Forgot to include the test program that can be used to check for correct
event reporting, and long-chains/loop trimming code.
- Davide
On Tue, 27 Jan 2009 12:54:38 -0800 (PST) Davide Libenzi <[email protected]> wrote:
>
> The follwing patch fixes a bug inside the epoll's f_op->poll() code, that
> returns POLLIN even though there are no actual ready monitored fds.
> The bug shows up if you add an epoll fd inside another fd container (poll,
> select, epoll).
> The problem is that callback-based wake ups used by epoll, does not carry
> (patches will follow, to fix this) any information about the events
> that actually happened. So the callback code, since it can't call the file*
> ->poll() inside the callback, chains the file* into a ready-list. So, suppose
> you added an fd with EPOLLOUT only, and some data shows up on the fd, the
> file* mapped by the fd will be added into the ready-list (via wakeup
> callback). During normal epoll_wait() use, this condition is sorted out
> at the time we're actually able to call the file*'s f_op->poll().
> Inside the old epoll's f_op->poll() though, only a quick check
> !list_empty(ready-list) was performed, and this could have led to reporting
> POLLIN even though no ready fds would show up at a following epoll_wait().
> In order to correctly report the ready status for an epoll fd, the ready-list
> must be checked to see if any really available fd+event would be ready in
> a following epoll_wait().
> Operation (calling f_op->poll() from inside f_op->poll()) that, like wake ups,
> must be handled with care because of the fact that epoll fds can be added
> to other epoll fds.
One reason why I break up paragraphs like this one when cleaning up
changelogs is so that I can actually read them :(
> fs/eventpoll.c | 510 +++++++++++++++++++++++++++++++++------------------------
> 1 file changed, 304 insertions(+), 206 deletions(-)

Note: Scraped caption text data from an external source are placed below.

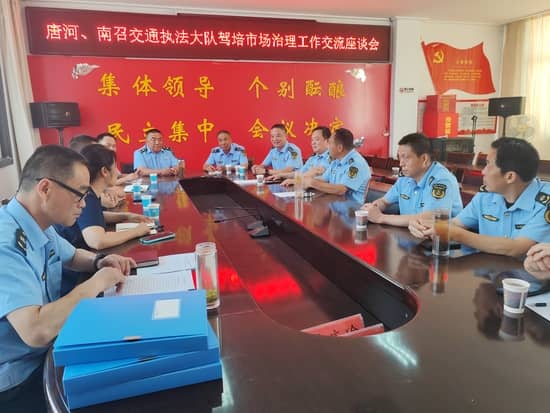 南召县与唐河县开展驾培市场及客运市场整治学习交流活动
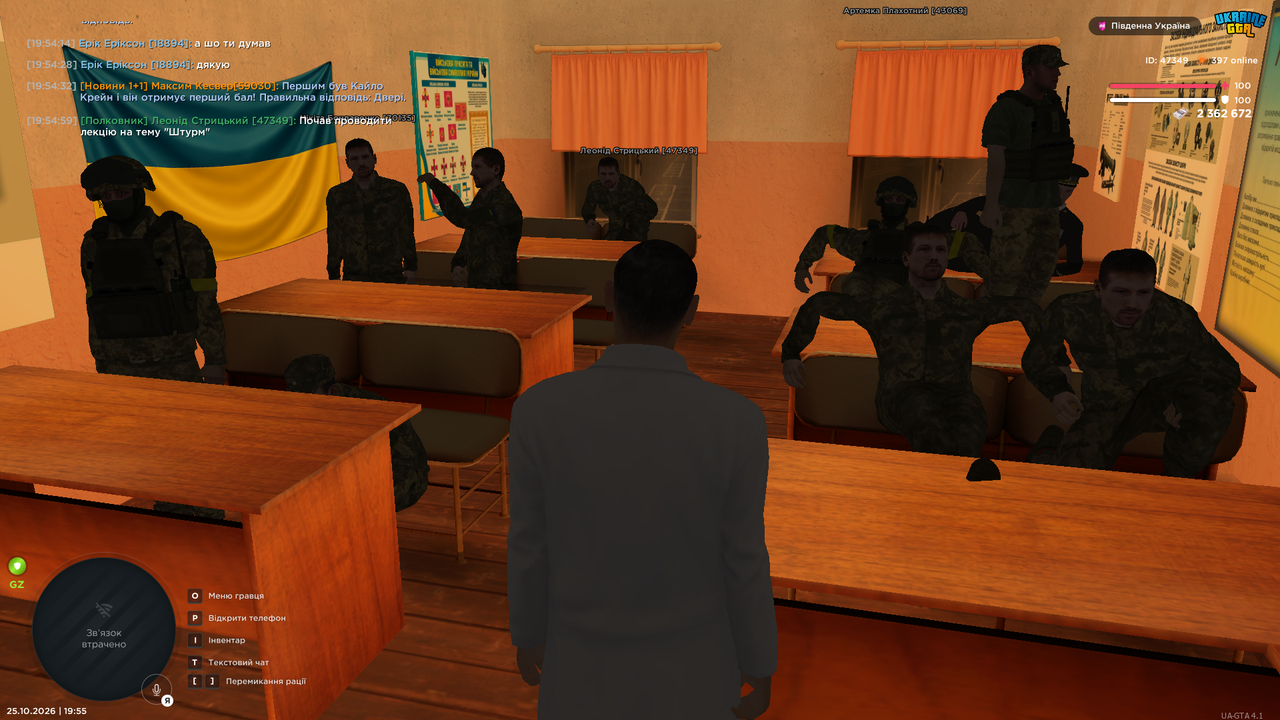 UKRAINE GTA 25 10 2026 19 55 04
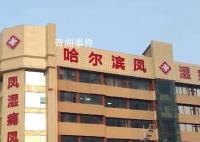 衛(wèi)健局稱醫(yī)院起名鳳濕痛符合原則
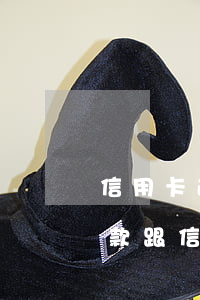 信用卡逾期后會(huì)被銀行起訴嗎(貸款跟信用卡逾期多久,銀行會(huì)起訴)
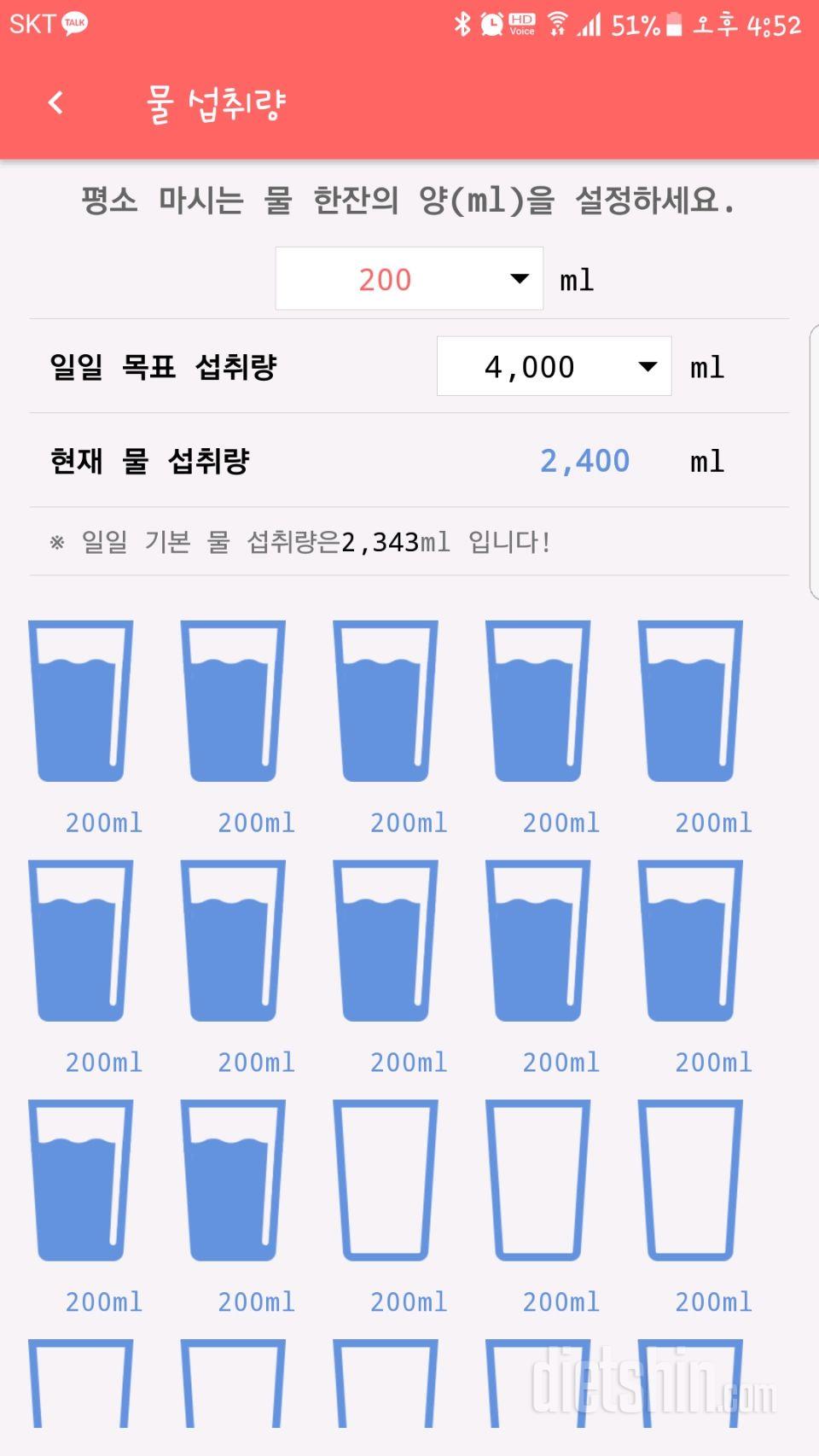 30일 하루 2L 물마시기 15일차 성공!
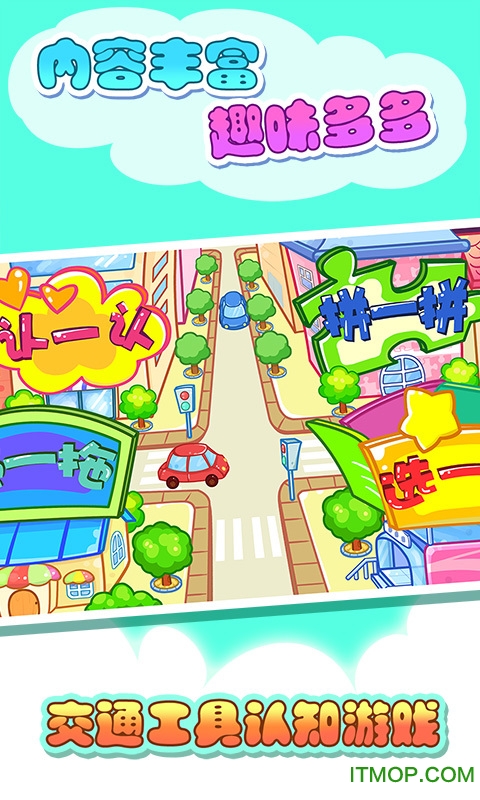 儿童宝贝认交通工具图3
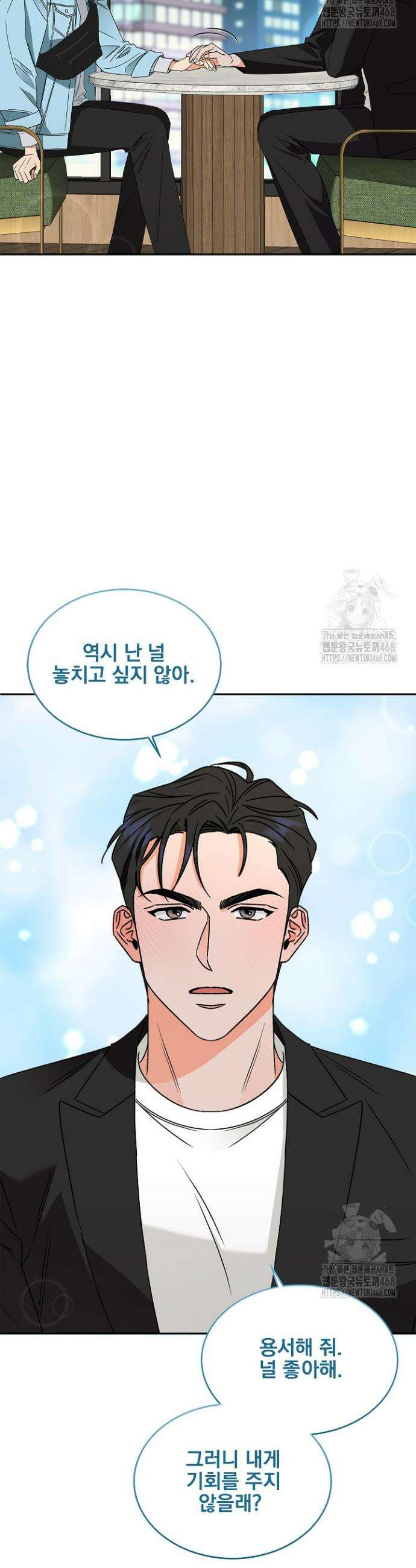 [꿀맛 단편선] 시크릿 테이크 6화 37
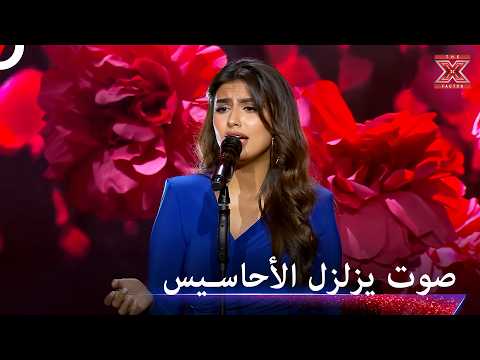 سلطنة حنين تنقل المسرح إلى عالم آخر.. دقة مقامية وإحساس يحبس الأنفاس! - اكس فاكتور الموسم 1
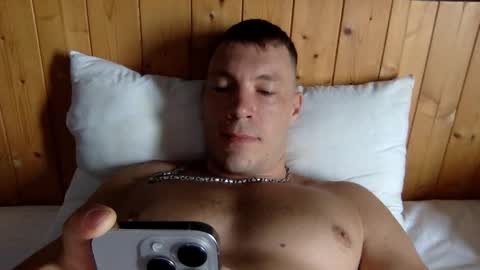 Snapshot of capt_oliver chatting on 17, 2, 2025 follow my twitter online show from 17, 2, 2025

Holy cow man, this patch is HUGE! I don't have a clue what it does nor
how it does it. I'd be somewhat scared to merge it into 2.6.29. How
serious is this bug?
Please use checkpatch? The patch attempts to add a large amount of
crap, must notably lots of lines which for some reason start with
space-space-tab-tab-tab. I doubt if you meant to do that (editor brain
damage), and checkpatch's main purpose is to tell you about things
which you didn't mean to do.
Minor nitpicks follow:
>
> ...
>
> +static int ep_scan_ready_list(struct eventpoll *ep,
> + int (*sproc)(struct eventpoll *,
> + struct list_head *, void *),
> + void *priv)
> +{
> + int error, pwake = 0;
> + unsigned long flags;
> + struct epitem *epi, *nepi;
> + struct list_head txlist;
> +
> + INIT_LIST_HEAD(&txlist);
Could use
LIST_HEAD(tx_list);
here
> + /*
> + * We need to lock this because we could be hit by
> + * eventpoll_release_file() and epoll_ctl(EPOLL_CTL_DEL).
> + */
> + mutex_lock(&ep->mtx);
> +
> + /*
> + * Steal the ready list, and re-init the original one to the
> + * empty list. Also, set ep->ovflist to NULL so that events
> + * happening while looping w/out locks, are not lost. We cannot
> + * have the poll callback to queue directly on ep->rdllist,
> + * because we want the "sproc" callback to be able to do it
> + * in a lockless way.
> + */
> + spin_lock_irqsave(&ep->lock, flags);
> + list_splice(&ep->rdllist, &txlist);
> + INIT_LIST_HEAD(&ep->rdllist);
list_splice_init()?
> + ep->ovflist = NULL;
> + spin_unlock_irqrestore(&ep->lock, flags);
> +
> + /*
> + * Now call the callback function.
> + */
> + error = (*sproc)(ep, &txlist, priv);
> +
> + spin_lock_irqsave(&ep->lock, flags);
> + /*
> + * During the time we spent inside the "sproc" callback, some
> + * other events might have been queued by the poll callback.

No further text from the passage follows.